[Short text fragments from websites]
################
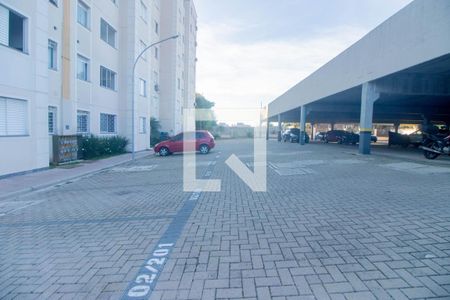 Apartamento à venda com 50m², 2 quartos e 1 vagaÁrea comum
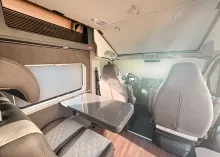 Fahrzeugbild Knaus BoxLife 600 DQ Platinum Selection #17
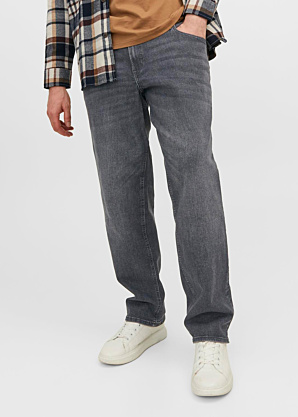 Джинсы Mike Jack & Jones Plus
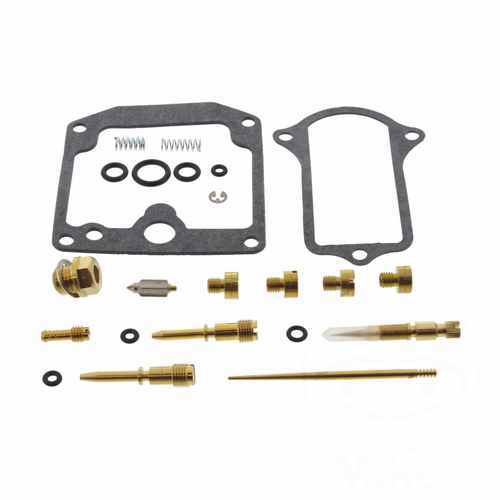 Carburettor repair kit tourmax - carburettor,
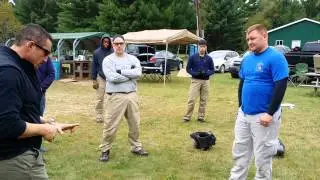 2v1 Evolutions pt.2 Shivworks ECQC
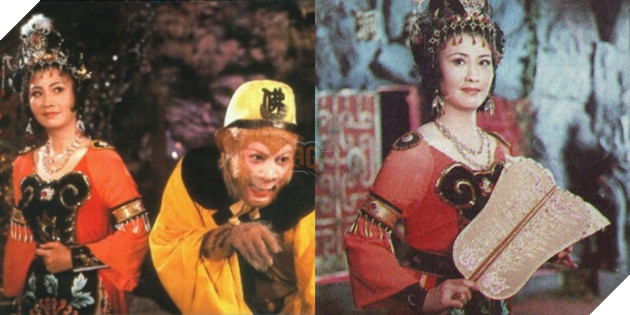  Tây Du Ký: Chuyện đời hồng nhan bạc mệnh của bà La Sát 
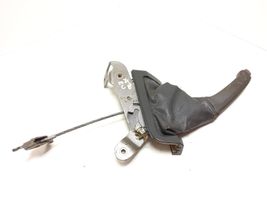 Volvo XC70 Handbrake/parking brake lever assembly 9485201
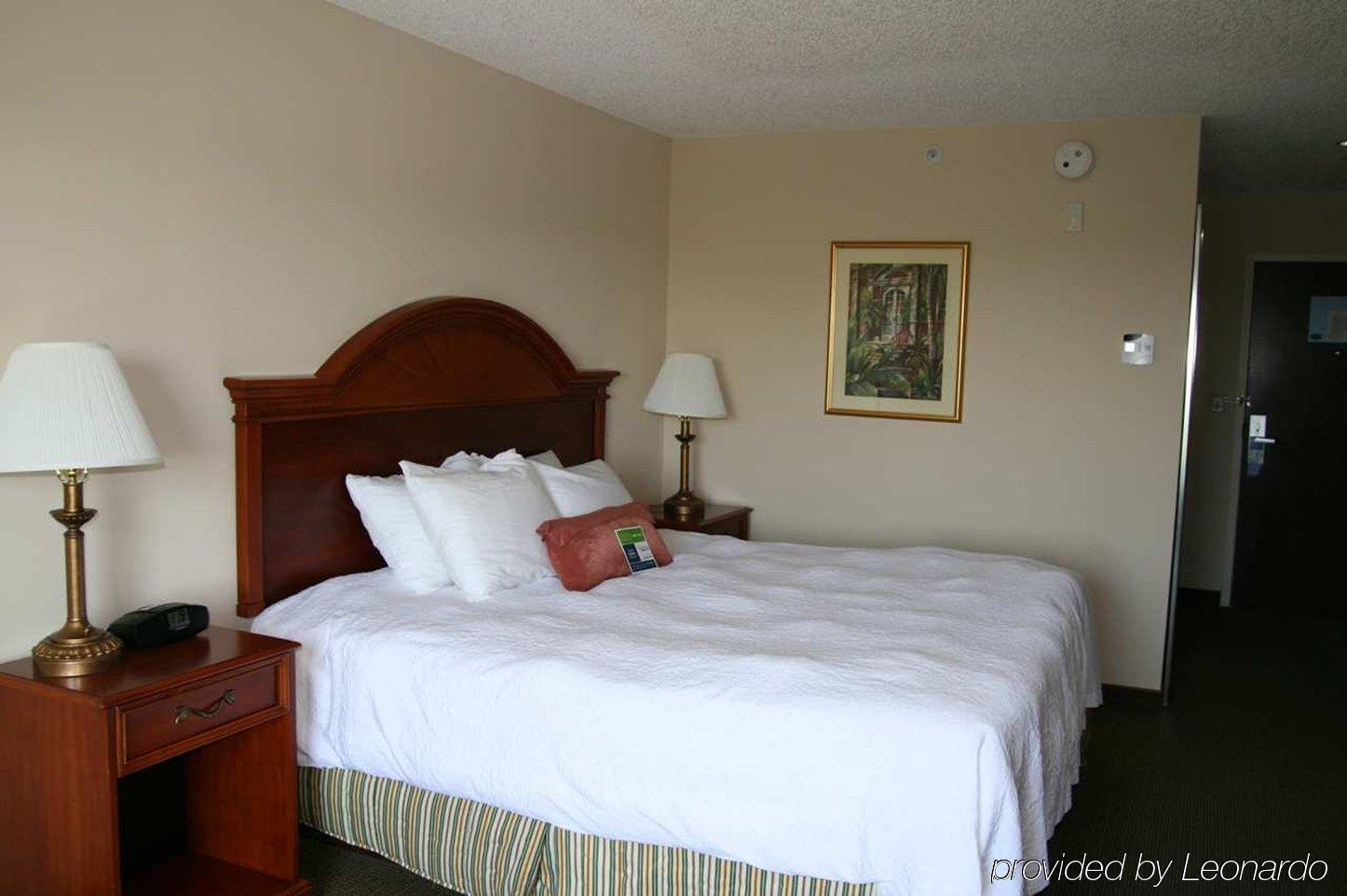 Hampton Inn Titusville/I-95 Kennedy Space Center Bilik gambar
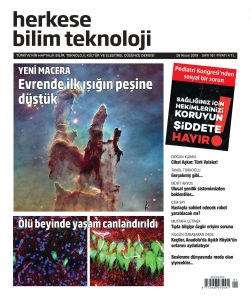 Sayi 161 (26 Nisan 2019) - Dijital (PDF)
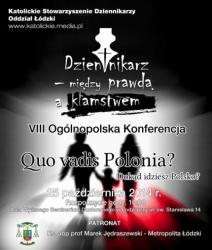 Quo vadis Polonia?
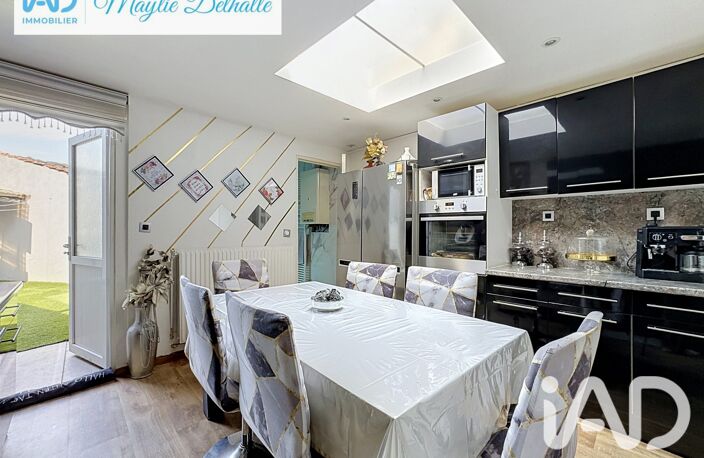 Vente Maison/villa 5 pièces — photo 4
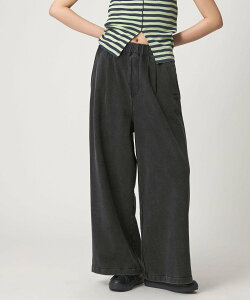�ySALE�^30%OFF�zCITEN ��CITEN�����B���e�[�W���C�N�X�E�F�b�g���S�p���c �V�e�� �p���c �W���[�W�E�X�E�F�b�g�p���c �u���b�N �u���[�y���������z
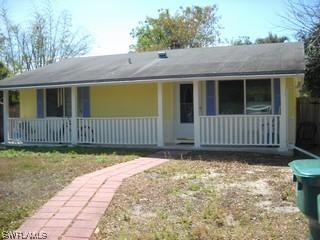 1224 Highlands Dr., Naples, FL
################
_Action item_. Begin at the line containing "Sayi 161 (26 Nisan 2019) - Dijital (PDF)" and transcribe exactly every line through the end of the records, both ends included, leaving the pictures out.

_Expected answer_.
 Sayi 161 (26 Nisan 2019) - Dijital (PDF)
 Quo vadis Polonia?
 Vente Maison/villa 5 pièces — photo 4
�ySALE�^30%OFF�zCITEN ��CITEN�����B���e�[�W���C�N�X�E�F�b�g���S�p���c �V�e�� �p���c �W���[�W�E�X�E�F�b�g�p���c �u���b�N �u���[�y���������z
 1224 Highlands Dr., Naples, FL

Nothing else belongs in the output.